My mom calls my wife her “Daughter-in-Love” and frankly, I know why.  I am extremely lucky with the in-laws that I have.  They are pretty understanding about having a son in law that has some ideas that are so out of the box, they sometimes don’t even HAVE a box to come out of, so when my sister in law asked me to make her a you tube video, I had to do it.

I have been canning for a while, but this is my first attempt at jelly of any kind, but it did come out pretty good, if I do say so myself.

This doesn’t make a lot of jelly.  That is especially true when you consider how much sugar it took to make it.  However, it tastes pretty darn good with cream cheese and club crackers.

How to Make Hot Pepper Jelly

Ingredients:

  • 3/4 lb to 1 pound of Peppers
  • 6 cups sugar
  • 2 cups of 5% apple cider vinegar (or plain white 5% vinegar).
  • 3 packets of dry pectin (or 3 pouches of liquid pectin)
  • green food coloring (optional)

Tools:

  • Jar funnel
  • Jar grabber
  • At least 1 large pot
  • large spoons and ladles
  • Mason Jars (Jelly sized)
  • 1 Water bath Canner
  • One 6 – 8 quart pot or saucepan

Procedure:

  1. Selecting the peppers
    1. The fresher the better, preferably home grown for the best taste.  As I said in the video, since Amy wanted jelly in February.
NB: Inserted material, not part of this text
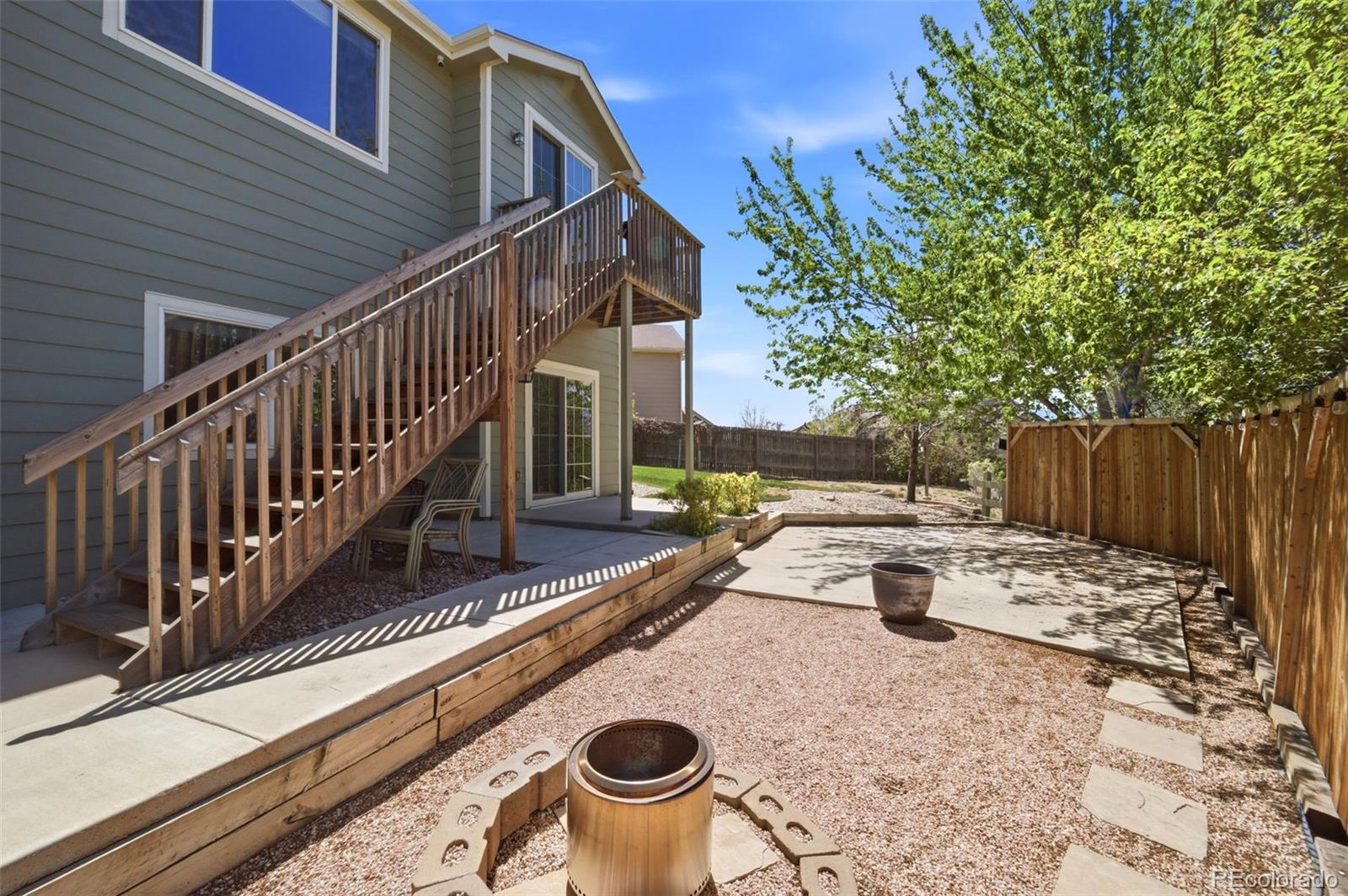 6976 Cobblecreek Drive Colorado Springs CO 80922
I had to go to the store and paw through everything to get enough firm, crisp peppers.
    2. Select small peppers are best as bigger peppers are often tough.  Try to stick with 1 inch to 1 and ¼-inch in diameter.
    3. You can use jalapeno, chili or any peppers you like!
  2. Prepare the jars and pressure canner
    1. If the jars are new and you have a sanitize cycle on your dishwasher.  You could just wash them (alone in the washer), otherwise boil the jars for 10 minutes, and the lids for 5.
  3. Heat up your water bath canner heating up
    1. We will use the water bath canner because this is a high acid food so it doesn’t need to be pressure cooked.
  4. Wash the peppers
  5. Remove stems and seeds
    1. I cut off the tops and slit them in half and then used a spoon to scrape out the inner membrane.
    2. Since there is a compound in hot peppers that is used to make pepper spray (oleoresin capsicum) DO NOT touch your face or eyes after you handle the inside of the peppers.  Immediately after I told Genny this she rubbed her eye, so we took a break while she learned why water does not take the oily resin out of your eye.  She also learned that milk does a better job at taking the hot taste out of your mouth.
  6. Puree the peppers in a blender
    1. Add all the peppers (minus the seeds, stems, and insides to the blender along with half of the vinegar and blend to a paste.
  7. Measure the sweetener
    1. I suppose you can use different types of pectin and different types and amounts of sugar to make a no-sugar, splenda, or mixed jelly.  But I wanted the sweetness to balance the heat, as well as a firm jelly to mix with my cream cheese so I used a no-sugar pectin and 6 cups of sugar for a firmer sweeter jelly.
  8. Mix the pectin and some sugar
    1. Mix the 2.5 (two and a half) packets of dry pectin with about 1/2 cup of sugar or other sweetener and set aside. (in the video I said 1.5 but I was mistaken)
  9. Cook the peppers, vinegar and sugar / sweetener
    1. Combine the pepper puree, the rest of the vinegar and the remaining sweetener in a pot and heat to a boil over medium heat, while stirring periodically, to prevent burning. Boil for 10 minutes, continuing to stir as needed to prevent burning.
  10. Add the pectin and boil hard for one minute
    1. After boiling for 10 minutes, add the pectin from step 7, return the mix to a boil and then boil hard for 1 minute, stirring constantly.
  11. Skim any excessive foam
    1. Foam is just jelly with a lot of air, but air doesn’t taste like jelly, so people don’t want it in the jar (it also looks bad).
    2. You may read that a little butter reduces the foam, but that also affects shelf life.
    3. If you save the skimmed foam you can recover it and use it as fresh jelly.
  12. Testing for “jell” (thickness)
    1. Take about half a spoonful of the mix in a cold metal tablespoon and let it cool resting on a glass of ice water until it reaches room temperature.  If it jells to the thickness you want, then its done, if its not as think add in a little more pectin (1/3 to 1/5 a pack) mix and boil again for another 10 minutes.
  13. Fill the jars and put the lid and rings on
    1. Fill them to within ¼-inch of the top, wipe any spilled jam off the top, seat the lid and tighten the ring around them.
    2. The jelly cools rather quickly, and as it cools it jells, the last jar was a lot harder to fill than the first.
  14. Process the jars in the boiling water bath
    1. Keep the jars covered with at least 2 inches of water.
    2. Keep the water boiling. for 10 minutes
  15. Remove and cool the jars
    1. Lift the jars out of the water and let them cool
    2. Once the jars are cool, you can check that they are sealed verifying that the lid has been sucked down.
  16. Any jars that the lids did not suck down are no good for storage, so mix them ½ and ½ with cream cheese and eat with crackers, it’s the only way I eat pepper jelly…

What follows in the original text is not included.